労働訴訟をおこすとき
整理解雇やリストラで解雇無効を訴える場合以外は、労働者はひとりで会社と闘うことになる。
労働者は、解雇通告という残酷なその瞬間、どんな解雇理由を並べられて解雇されただろう。
いじめ・パワハラを受けていない場合、丁寧だが、こんな事を言われなかっただろうか。
←こんな感じで微笑みながら、死ねを意味する解雇を通告してくる。
(罪作りや。もっと恐い顔して言うのなら、偽善者の汚名はぬぐってあげるけどね。)
・1ヶ月つけますので、今日までということにしていただけますか。
・(妊娠している人に)お腹の子になにかあったら心配ですから、今月いっぱいで辞めて育児に専念してはいかがですか。
いじめ・パワハラを受けていた場合は悲惨だ。
(自主退職に追い込むために)
・机やPCと仕事をを取り上げられる
・あきらかに無理な仕事をさせられる
・自分だけボーナスが支給されなかった
・ささいなミスをねちこく非難され続ける
・夏、35℃もある場所に席がえをさせられる
・業務と関係のない草むしりや掃除をやらされる
・パワハラさんたちが、ミスを社長に告げ口する
・小学生でもできるようなことができないと非難される
・子どもの運動会などとわかれば有休をとらせてもらえない
(以上は私が受け続けたパワハラですけどね)
クラッシャー上司がいたなら、もっと悲惨だ。
その昔、旧財閥系の○○銀行というところで、ミスを犯した行員を、その上司が人格攻撃で怒鳴り散らした挙句、、罰則としてその人の机の上に何時間も正座させるということが慣例として行なわれていたと耳にしたことがある。(銀行員の妹から聞きました)
そして自主退職しない場合は、言い方がストレートだ。
(30日分の予告手当てなどない)
・もう要らんようになったから辞めてくれ!
(私はこう言われました、突然です)
私はパワハラがなければ、夫がいたしパートでもどこでも働きにいけばよかったのだから、裁判などしなかった。(と思う)

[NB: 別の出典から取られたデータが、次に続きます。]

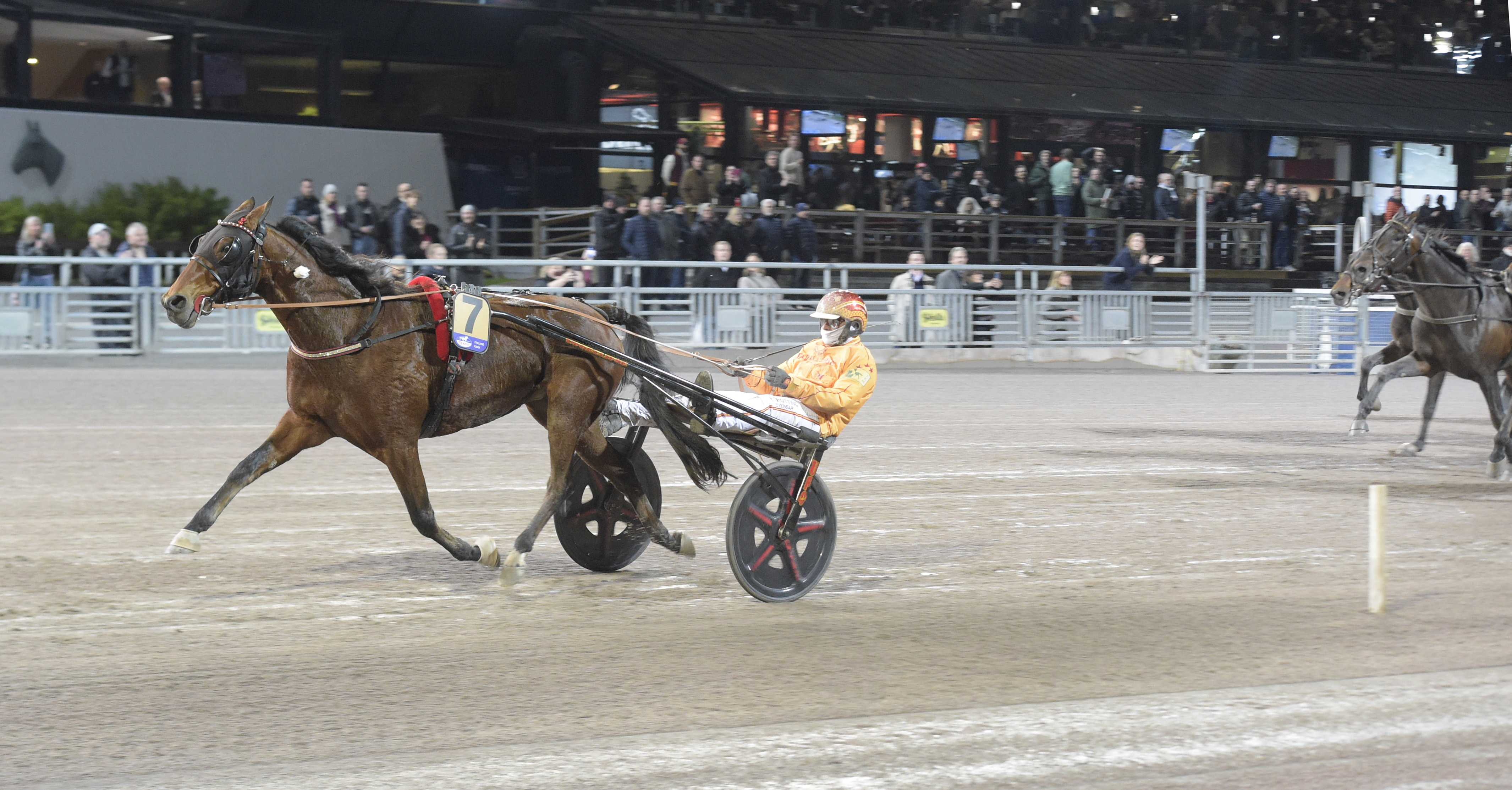 Alessandro Gocciadoron huippukuntoinen Clarissa oli Solvallassa omaa luokkaansa.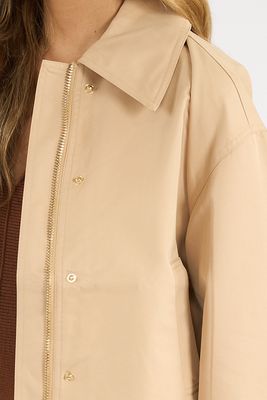 The Rue Cropped Trench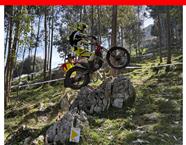 noticia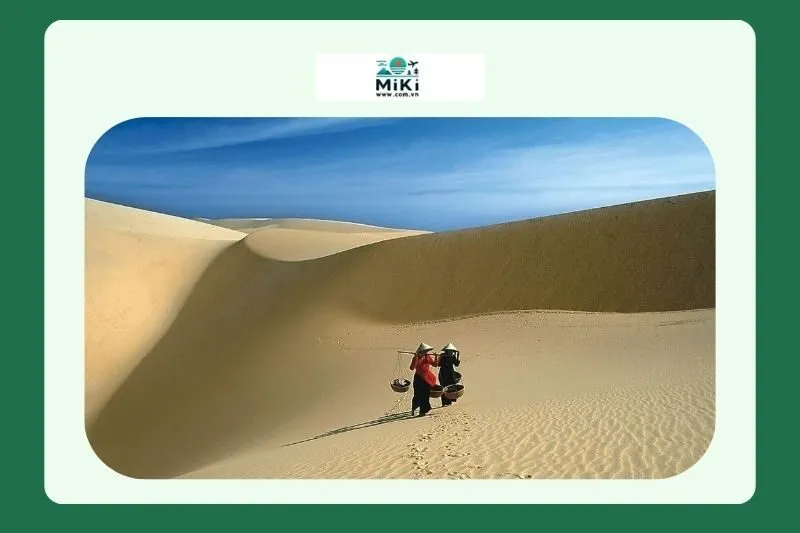 Đồi cát vàng Nhĩ Hạ Quảng Trị ở đâu?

辞めてくれと言われてオロオロしている間は生活のことばかり考えて、30日分もらって辞めようか、とか社長にお願いして考え直してくれるよう言ってみようか、などと考えていただけだった。
しかし、「辞めてくれ」に始まって、上記のようなパワハラに加え、社長に私を辞めさせて欲しいと直訴するヤカラが出てきたり、パワハラ軍団に取り囲まれて「辞めろ」と言われるに及んで、「決着つけたる」みたいな気持ちになっていったように思う。
突然腹がきまって裁判をすることになったわけだ。
が、労働訴訟というのは孤独だった。
応援してくれる家族・友人、労働組合、弁護士はいたが、同じ立場の人間はいない。
裁判はケンカであるから、陳述書という武器で闘っていく。
その武器をいかに強力にするかを四六時中考え、立派な武器に仕立て上げて相手に向けていく。
もうこれは戦争といえる。
その間、私の場合、夫と息子2人には妻と母親がいないのとおんなじだったと言える。
この「戦争中」に、次男は不良グループに暴行・恐喝され、長男は志望校をあきらめ、夫は急性心筋梗塞で亡くなった。
これらのことは、私が裁判をしていなくても起きていたかもしれないが、私が「留守」をしていた間に起きたことだと思うと申し訳なさと自己嫌悪で一杯になる。
裁判は戦争だから勝ったとしても傷は受けるが、敗訴となるとたちまちに生活に困窮するから、労働者の受けるダメージは計り知れない。
司法の公平・中立というものはとうの昔に崩壊しており、最初から企業側に軍配をあげたり、陳述書も読まないで想像で判決文を書く裁判官もいるから労働者が勝訴するとは限らない。
労働者が裁判に負けて、生活ができないからといって、すぐに生活保護を受けるようなことも現実には無理だ。
持ち家や車を手放し貯金もほとんど使い切った状態―進学する子どもがいたならそれを断念させ、妻が専業主婦なら働かせた上でないと生活保護は受けられないからだ。
これではなんのために裁判までして仕事を取り戻そうとしたのか。。。全く無意味になる。
民事でも、労働裁判の場合、刑事訴訟のように「疑わしきは罰せず」的な理念を適用させて、凶悪犯罪者並の人物でない限り「その解雇は無効」と判決してほしい。
へんな裁判官にあたって敗訴してしまったなら、もう「死ね」と言われたのと同じだ。